Africa Eyes $30B in Annual Power Investments as Demand Surges to 2050
Africa’s total power demand is expected to reach 2,291 TWh by 2050 – more than double 2025 levels. According to the African Energy Chamber’s (AEC) State of African Energy 2026 Outlook, economic development in industrial and commercial sectors will be the primary drivers of demand growth, underscoring the need for significant investment as countries industrialize and diversify. Platforms such as African Energy Week – returning to Cape Town on October 12–16, 2026 – play an instrumental role in facilitating deals and partnerships, and in addressing challenges and opportunities across generation, transmission and distribution.
Demand Outlook
In the coming years, Africa’s power demand will be shaped by new technologies such as electric vehicles (EVs) and rising digitalization. Residential and industrial sectors are expected to account for 32% and 30% of total consumption respectively. The rapid rise of cloud infrastructure is also set to drive demand: South African data centers are projected to consume just over 16 TWh by 2030, while Kenyan centers will account for 5 TWh. EV adoption, however, will have a minimal short-term impact due to persistent challenges, including power shortages, high electricity costs and limited charging infrastructure.
State of the Sector
Africa’s power sector features a diverse mix of supply technologies, with 313 GW of installed capacity to date. Fossil fuels dominate, with natural gas representing 40% of the energy mix, followed by coal at 21%. For many countries, natural gas remains a critical enabler of electrification and industrialization. By 2050, gas-fired generating capacity is expected to reach 77 GW, though its share in the mix is set to remain at 40%.
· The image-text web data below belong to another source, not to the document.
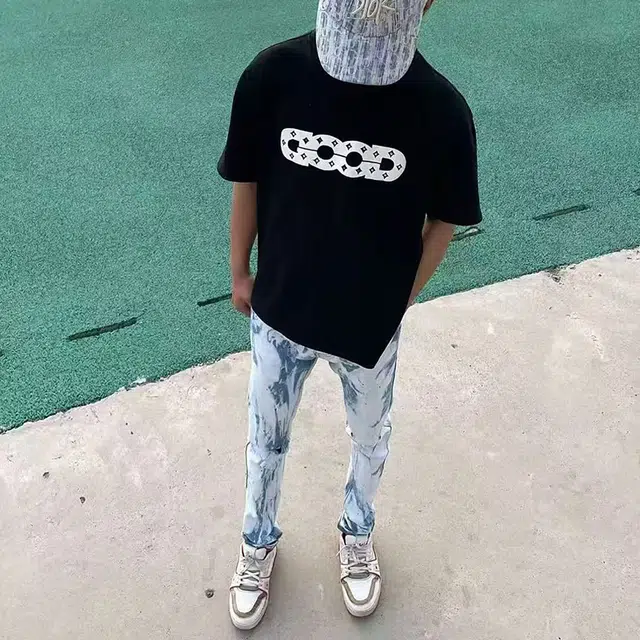 YICHEN vibe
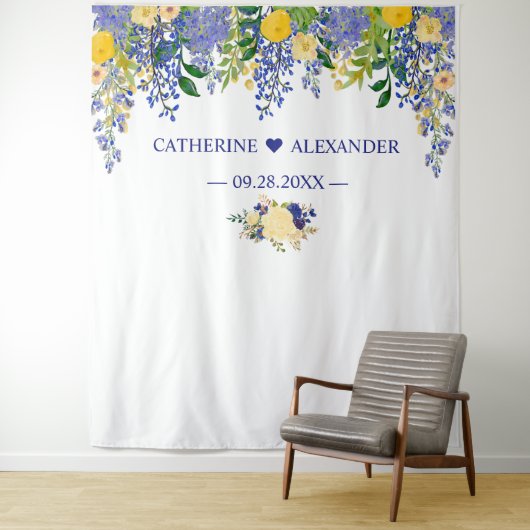 Wisteria Blue & Yellow Floral Wedding Backdruppels Wandkleed (In situ)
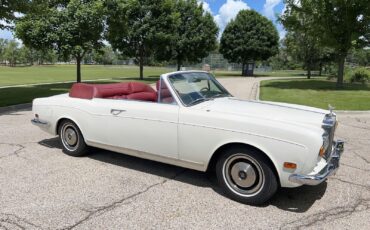 Rolls-Royce-Corniche-Cabriolet-1971-Ivory-Red-38785-23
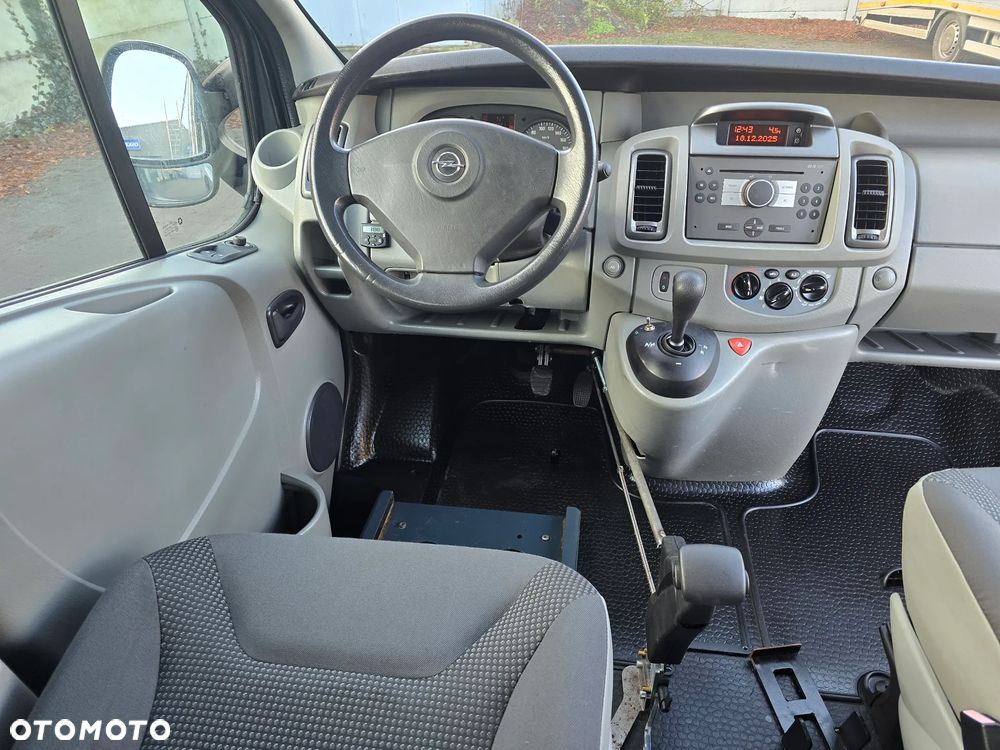 Opel Vivaro - 35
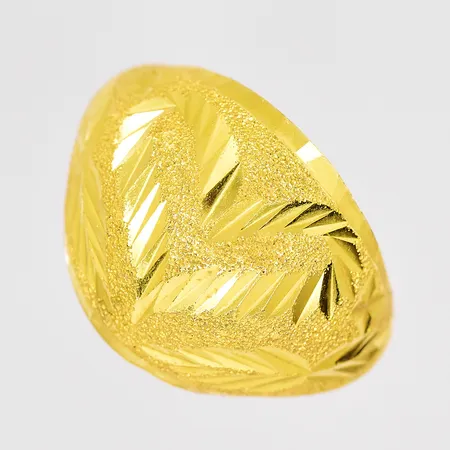 Ring stl:17¼ bredd ovandel 15,5mm Thaiguld ihålig 23K Vikt: 3,8 g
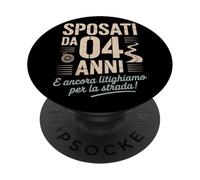 Sposati da 4 Anni e Ancora Litighiamo Per La Strada PopSockets Adhesive PopGrip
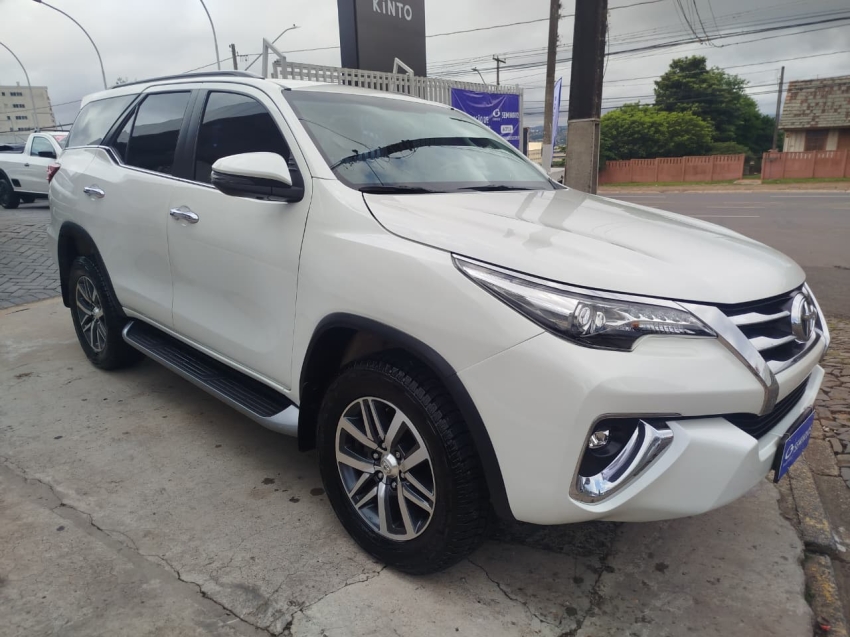 toyota hilux sw4 2.8 srx 4x4 7 lugares 16v turbo intercooler diesel 4p automatico 2020
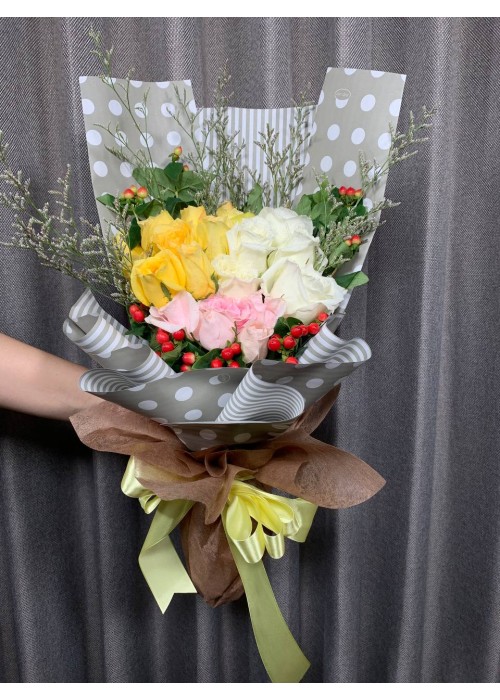 ရောင်စုံ နှင်းဆီပန်း ပန်းစည်း အရံပန်းအပါ Mixed and Match Fresh Flower Bouquet approx 20 roses with some seasonal green leaves FFB157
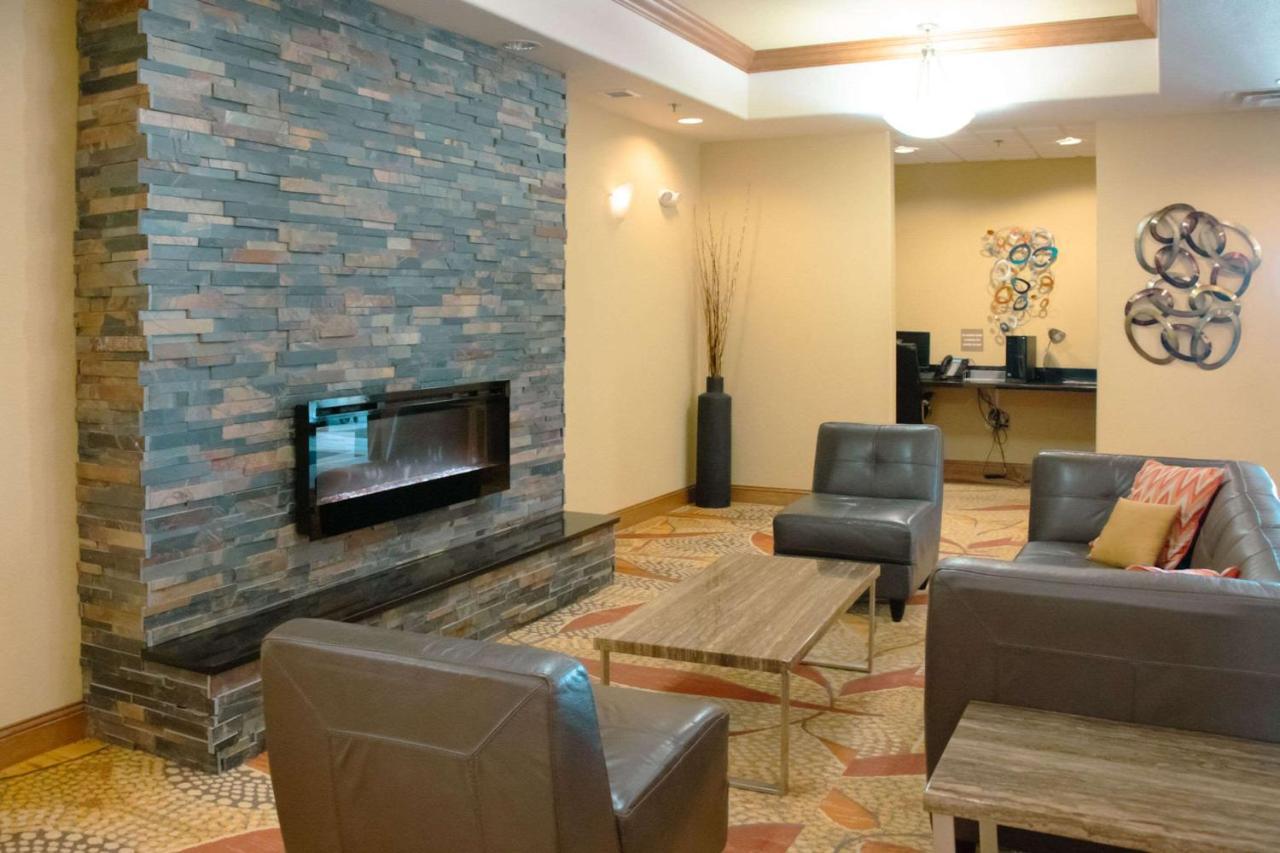 Grand Forks Lodge And Suites Esterno foto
Amid the continent’s vast renewable potential, Africa is witnessing a steady transition toward cleaner power generation. Solar resources are estimated at 2,000–3,000 kWh/m²/year, while wind potential could support 1,300 GW of power and hydropower up to 1,100 GW. The AEC Outlook indicates that by 2050, solar and wind will account for 41% of the continent’s power mix, with geothermal and waste-to-energy also gaining momentum. The private sector continues to lead this shift, securing 11 GW of capacity through private deals to date.
Africa’s nuclear sector, while nascent, is also advancing. South Africa hosts the continent’s only operational nuclear plant, but projects in Egypt, Ghana and Kenya are progressing. Egypt’s plant has entered the construction phase, while Morocco and Uganda have signed agreements to explore nuclear cooperation. South Africa also plans to procure 10 GW of new nuclear capacity under its Integrated Resource Plan (2025).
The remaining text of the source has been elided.